How to complete this task >>
Examine each line of the listing below. Copy those in which the string "from" appears.

Exercise inputs >>

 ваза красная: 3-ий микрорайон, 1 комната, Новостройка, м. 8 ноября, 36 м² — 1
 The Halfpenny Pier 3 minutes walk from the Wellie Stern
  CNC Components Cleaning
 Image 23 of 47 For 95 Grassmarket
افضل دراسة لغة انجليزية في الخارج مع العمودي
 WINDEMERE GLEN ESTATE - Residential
* * *
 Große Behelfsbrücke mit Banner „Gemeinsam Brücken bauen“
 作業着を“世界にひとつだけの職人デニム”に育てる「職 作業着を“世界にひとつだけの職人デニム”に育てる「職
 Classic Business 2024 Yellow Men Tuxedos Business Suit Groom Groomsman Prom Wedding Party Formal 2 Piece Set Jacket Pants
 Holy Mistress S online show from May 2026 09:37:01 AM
==
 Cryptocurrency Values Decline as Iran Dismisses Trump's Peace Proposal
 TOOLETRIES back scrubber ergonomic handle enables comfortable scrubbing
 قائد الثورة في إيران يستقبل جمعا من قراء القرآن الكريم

Task solution >>
 The Halfpenny Pier 3 minutes walk from the Wellie Stern
 Holy Mistress S online show from May 2026 09:37:01 AM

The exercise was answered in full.